Image Masking API

Generate precise masks automatically for faces, hands, and people using AI detection. Enhance your inpainting workflow with smart, automated masking features.

Introduction

The Image Masking API provides intelligent detection and mask generation for specific elements in images, particularly optimized for faces, hands, and people. Built on advanced detection models, this feature enhances the inpainting workflow by automatically creating precise masks around detected elements, enabling targeted enhancement and detailing.

How it works

The masks generated by this API can be utilized in two powerful inpainting workflows, offering both convenience and advanced detail enhancement capabilities.

In the standard inpainting workflow, these automatically generated masks eliminate the need for manual mask creation. Once the mask is generated by selecting the appropriate detection model (face, hand, or person), it can be directly used in an inpainting request. This automation is particularly valuable for batch processing or when consistent mask creation is needed across multiple images.

However, the most powerful application comes when using these masks for detail enhancement through the inpainting process's zooming capability. In this workflow, after the mask is automatically generated around detected elements (like faces or hands), the inpainting model will zoom into the masked area when the maskMargin parameter is present. This parameter is crucial as it adds extra context pixels around the masked region. For example, if you're enhancing a face, `maskMargin ensures the model can see enough of the surrounding area to create coherent and well-integrated details.

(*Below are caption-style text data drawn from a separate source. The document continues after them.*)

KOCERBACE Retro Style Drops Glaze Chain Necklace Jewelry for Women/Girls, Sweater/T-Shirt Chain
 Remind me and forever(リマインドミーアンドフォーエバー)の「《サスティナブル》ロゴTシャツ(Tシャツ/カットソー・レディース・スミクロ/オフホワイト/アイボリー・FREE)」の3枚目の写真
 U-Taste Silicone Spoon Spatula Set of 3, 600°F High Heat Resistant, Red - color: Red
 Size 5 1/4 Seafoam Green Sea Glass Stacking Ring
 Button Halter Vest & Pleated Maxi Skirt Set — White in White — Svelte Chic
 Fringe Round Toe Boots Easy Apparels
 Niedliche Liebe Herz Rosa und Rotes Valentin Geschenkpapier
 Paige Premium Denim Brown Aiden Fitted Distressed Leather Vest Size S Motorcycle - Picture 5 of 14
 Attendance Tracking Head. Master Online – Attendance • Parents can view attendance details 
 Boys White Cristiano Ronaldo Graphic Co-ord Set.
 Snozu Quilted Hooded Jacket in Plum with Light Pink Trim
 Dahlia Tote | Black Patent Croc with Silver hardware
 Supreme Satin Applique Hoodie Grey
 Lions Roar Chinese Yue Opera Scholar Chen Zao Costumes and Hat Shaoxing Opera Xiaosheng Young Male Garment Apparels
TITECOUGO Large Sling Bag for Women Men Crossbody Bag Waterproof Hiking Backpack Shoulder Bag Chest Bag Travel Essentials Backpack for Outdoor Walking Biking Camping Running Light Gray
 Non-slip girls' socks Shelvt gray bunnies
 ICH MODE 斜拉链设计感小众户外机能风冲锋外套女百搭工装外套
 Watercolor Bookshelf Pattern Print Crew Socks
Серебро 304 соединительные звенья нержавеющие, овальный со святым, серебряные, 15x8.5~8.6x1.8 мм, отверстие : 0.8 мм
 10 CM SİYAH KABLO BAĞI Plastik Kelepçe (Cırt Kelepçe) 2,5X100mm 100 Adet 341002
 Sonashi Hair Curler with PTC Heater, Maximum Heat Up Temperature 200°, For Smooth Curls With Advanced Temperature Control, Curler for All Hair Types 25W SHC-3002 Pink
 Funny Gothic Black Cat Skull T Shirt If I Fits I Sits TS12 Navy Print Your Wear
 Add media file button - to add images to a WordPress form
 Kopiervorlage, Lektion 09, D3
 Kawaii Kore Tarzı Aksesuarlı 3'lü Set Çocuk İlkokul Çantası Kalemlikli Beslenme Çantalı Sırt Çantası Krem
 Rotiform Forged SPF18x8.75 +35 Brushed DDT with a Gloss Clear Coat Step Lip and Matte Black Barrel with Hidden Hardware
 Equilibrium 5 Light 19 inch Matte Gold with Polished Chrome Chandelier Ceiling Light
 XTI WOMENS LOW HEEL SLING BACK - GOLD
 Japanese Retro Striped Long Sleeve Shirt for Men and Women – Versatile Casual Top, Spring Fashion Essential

The full process typically follows these steps:

Submit the original image to the image masking API, specifying the desired detection model.
Receive a precise mask identifying the target area (face, hand, or person).
Use both the original image and the generated mask in an inpainting request, including the maskMargin parameter to enable zooming.
The inpainting model will zoom into every masked region, considering the extra context area specified by maskMargin. This allows the model to add finer details to the masked areas and blend them smoothly into your original image for a natural, refined look.

This combination of automatic masking and zoom-enabled inpainting is particularly effective for enhancing specific features while maintaining natural integration with the surrounding image context.

Request

Our API always accepts an array of objects as input, where each object represents a specific task to be performed. The structure of the object varies depending on the type of the task. For this section, we will focus on the parameters related to image masking task.

The following JSON snippets shows the basic structure of a request object. All properties are explained in detail in the next section.

[
  {
    "taskType": "imageMasking",
    "taskUUID": "string",
    "inputImage": "string",
    "model": "string",
    "confidence": float,
    "maxDetections": int,
    "maskPadding": int,
    "maskBlur": int,
    "outputFormat": "string",
    "outputType": "string"
  }
]

taskType string required: The type of task to be performed. For this task, the value should be imageMasking.

taskUUID string required UUID v4

When a task is sent to the API you must include a random UUID v4 string using the taskUUID parameter. This string is used to match the async responses to their corresponding tasks.

If you send multiple tasks at the same time, the taskUUID will help you match the responses to the correct tasks.

The taskUUID must be unique for each task you send to the API.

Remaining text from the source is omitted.